• [WHAT YOU HAVE TO DO]: Restate word for word the lines below, from the one containing "Volkswagen Phaeton 4.2" through the final line, with no pictures included.

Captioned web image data
____

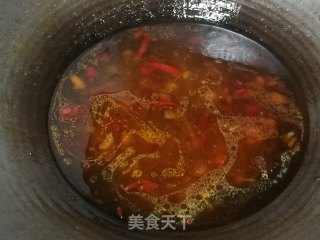 红烧泡椒鲫鱼的做法步骤：5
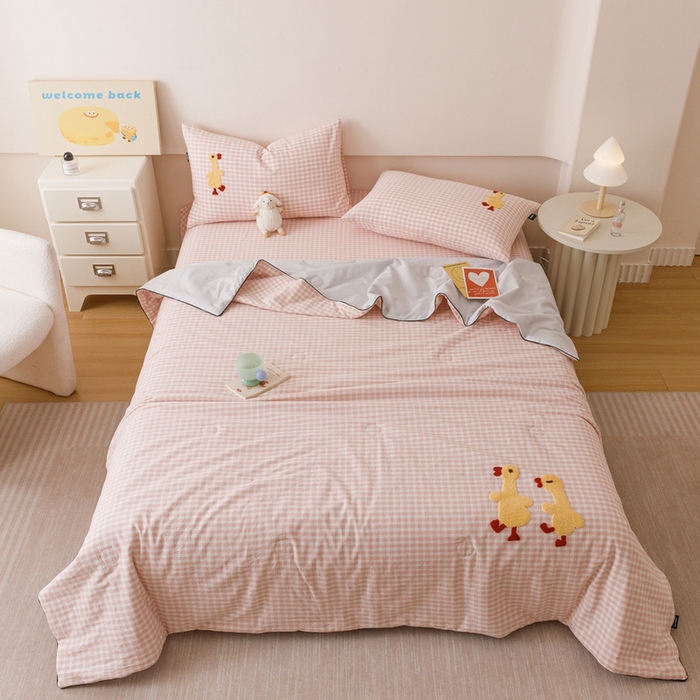 91家纺网 家纺一手货源 找家纺 卡姿家纺 2025新款色织水洗棉毛巾绣夏被夏凉被空调被 夏被粉小格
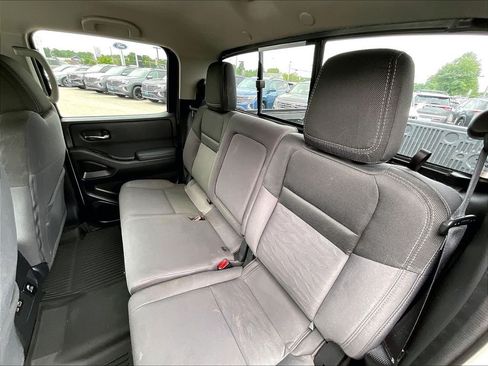 Used 2022 Nissan Frontier SV AWD/4WD image 14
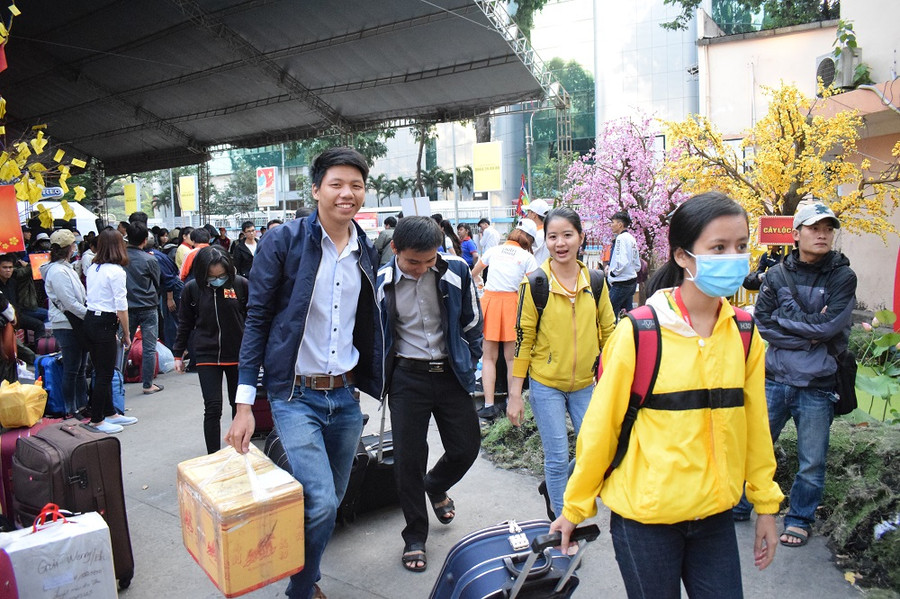 Hành lý cho chuyến về quê được các bạn sinh viên chuẩn bị đầy đủ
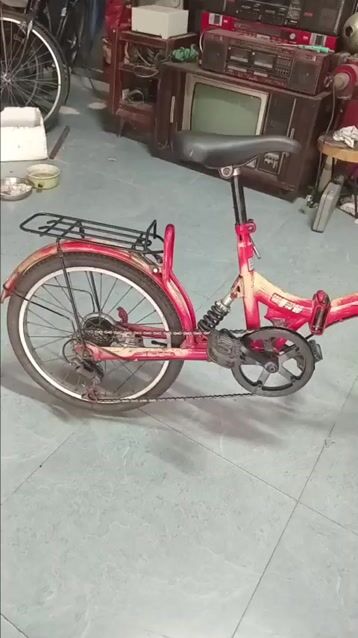 Xe đạp gấp màu Đỏ. Mua bán Xe đạp tại Quận Gò Vấp Tp Hồ Chí Minh được đăng bởi Nguyễn thanh khiết hình 1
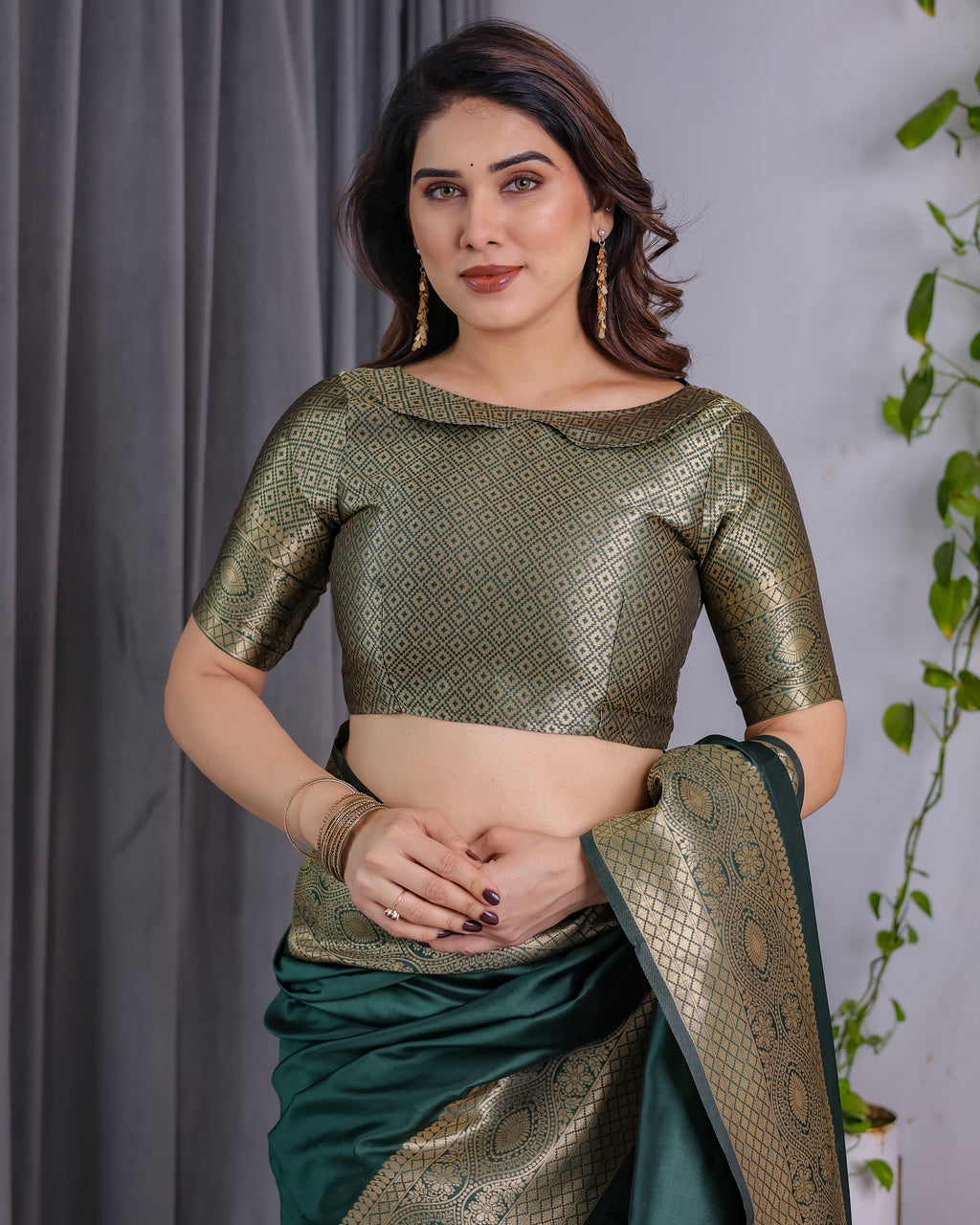 Fabrica Vibe Emerald Green Banarasi Silk Saree with Rich Gold Zari Border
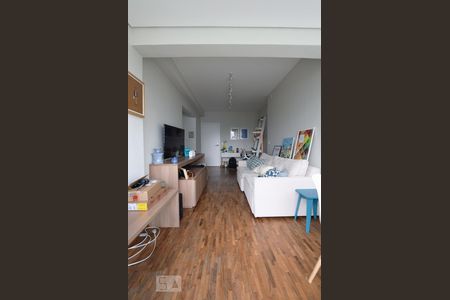 Sala de apartamento para alugar com 1 quarto, 50m² em Jardim Santo Amaro, São Paulo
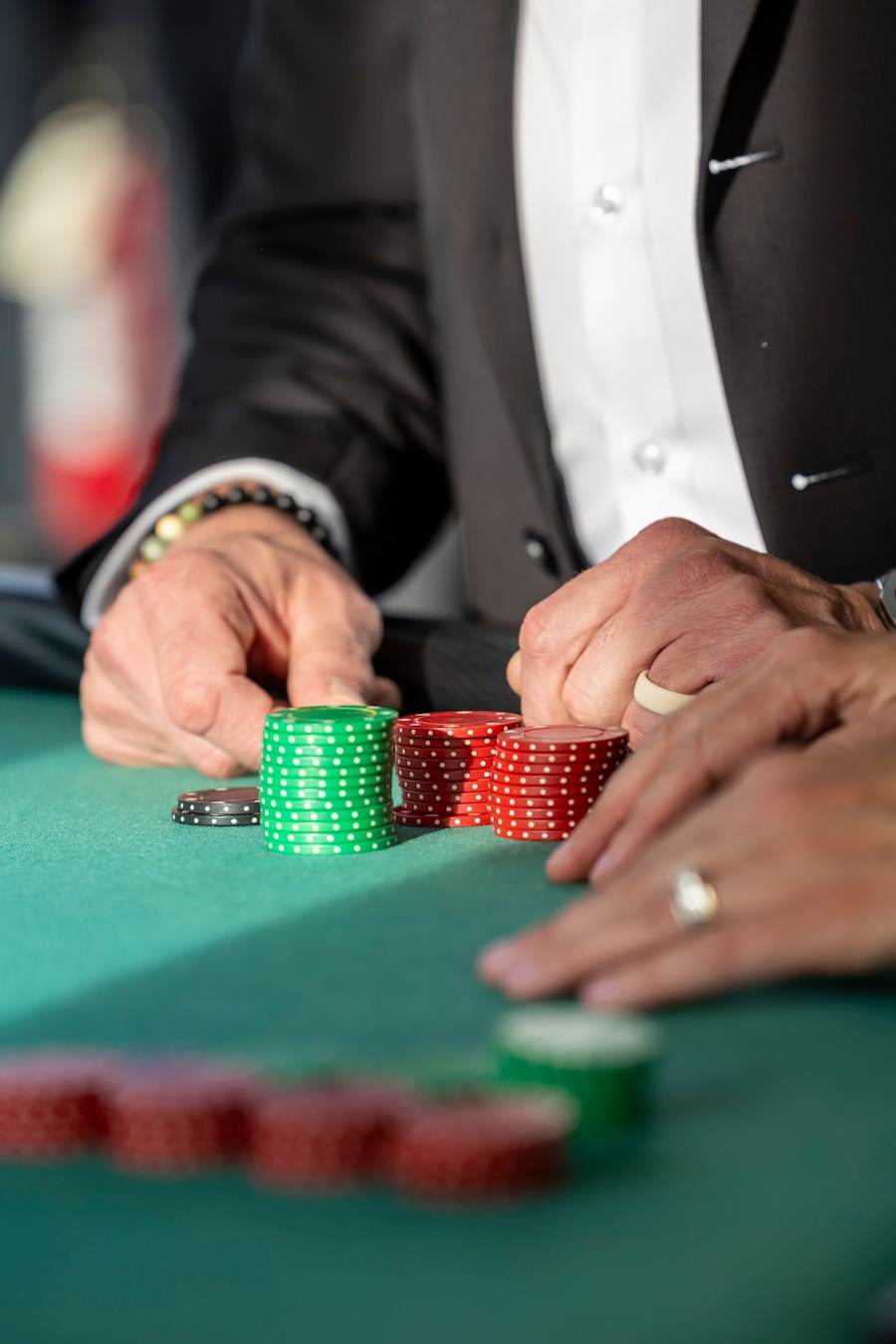 Trofi dan kartu sebagai simbol turnamen poker bulanan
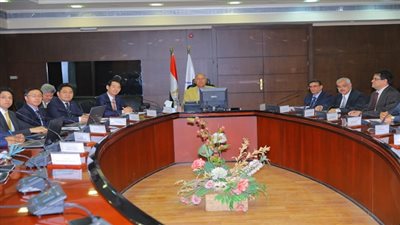 وزير النقل: التعاقد على 6 قطارات جديدة اضافة كبيرة لتدعيم الخط الثاني لمترو الانفاق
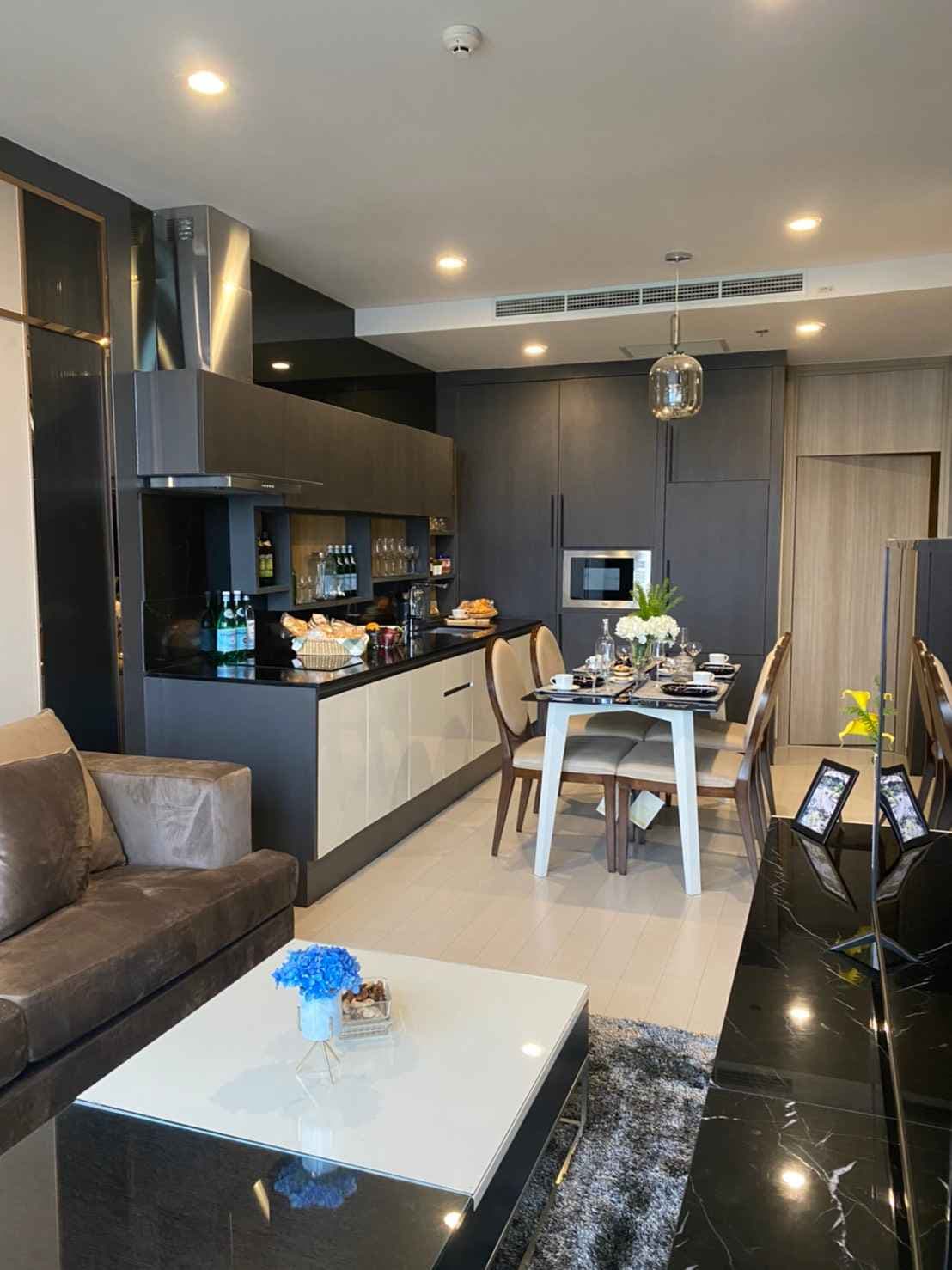 4990 – 102_living_room.jpg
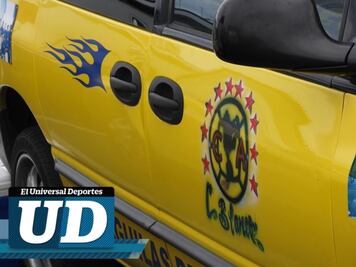La camioneta del campeón, presente en los partidos del Tricolor
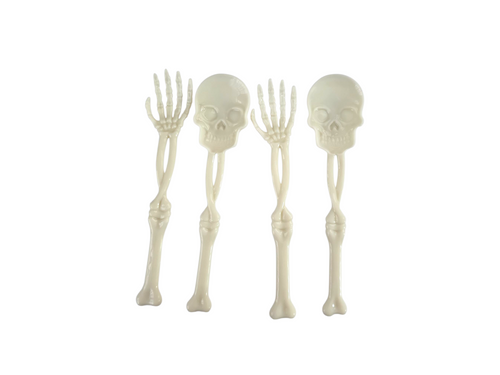 Cubiertos calaveras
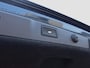 Volkswagen Phaeton 4.2 V8 4p. Lang Highline | Uniek | Chauffeur Pakket | Glazen Dak | Bomvol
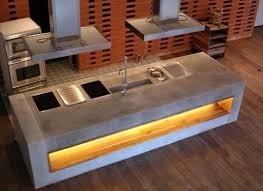 Kuchenblock Aus Beton Mobeldesigner Haben Beton Fur Sich Entdeckt Und Bauen Kuchenblocke Tische Und Sitzgel Kuche Beton Kuche Block Mobel Aus Beton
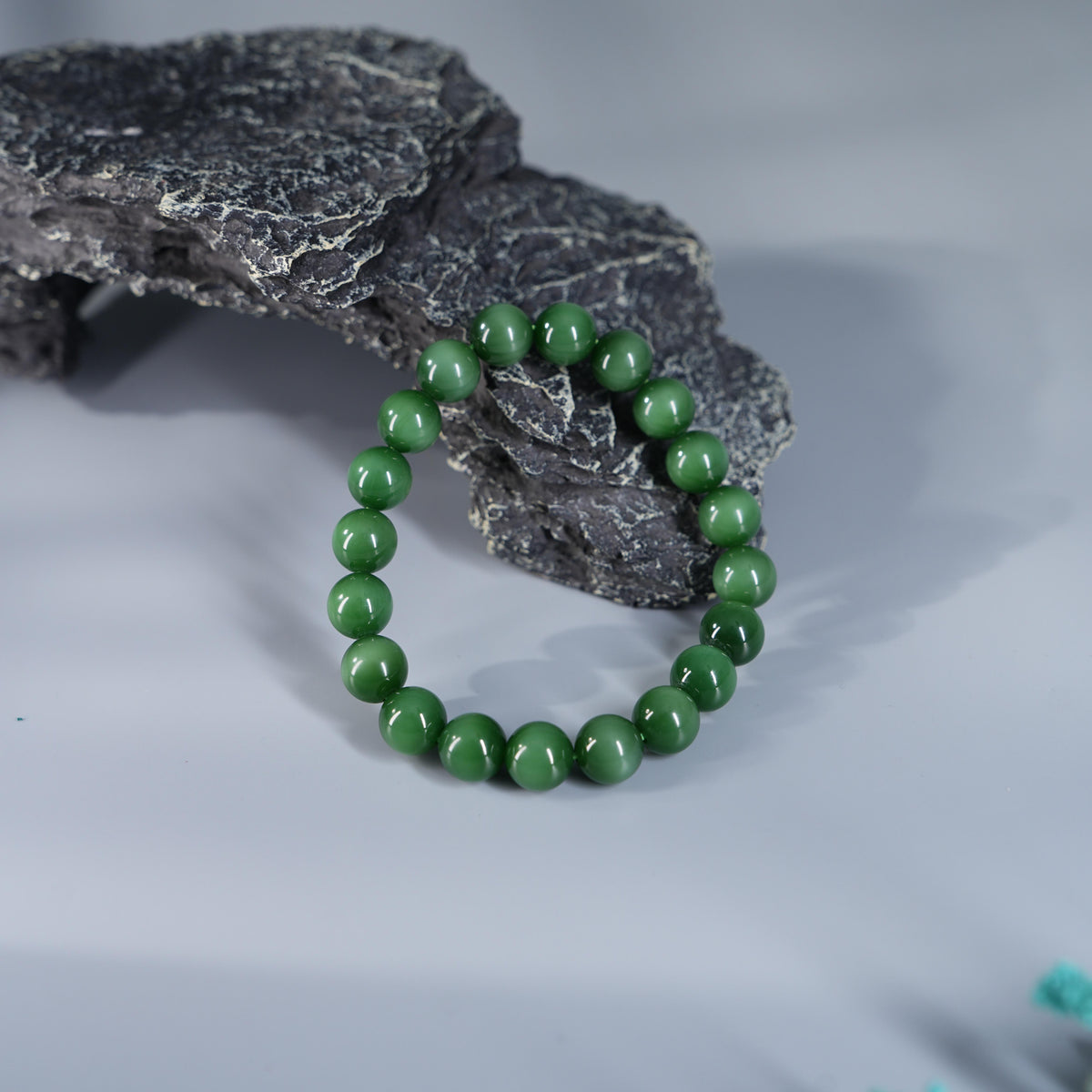 珍品和田玉碧玉苹果绿猫眼圆珠手串（20颗）（yc781142）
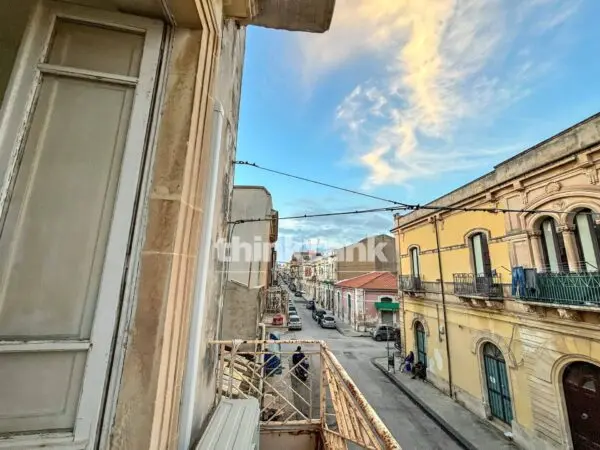 Appartamento via Isonzo, Siracusa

____

• [YOUR SOLUTION]:
 Volkswagen Phaeton 4.2 V8 4p. Lang Highline | Uniek | Chauffeur Pakket | Glazen Dak | Bomvol
 Kuchenblock Aus Beton Mobeldesigner Haben Beton Fur Sich Entdeckt Und Bauen Kuchenblocke Tische Und Sitzgel Kuche Beton Kuche Block Mobel Aus Beton
 珍品和田玉碧玉苹果绿猫眼圆珠手串（20颗）（yc781142）
 Appartamento via Isonzo, Siracusa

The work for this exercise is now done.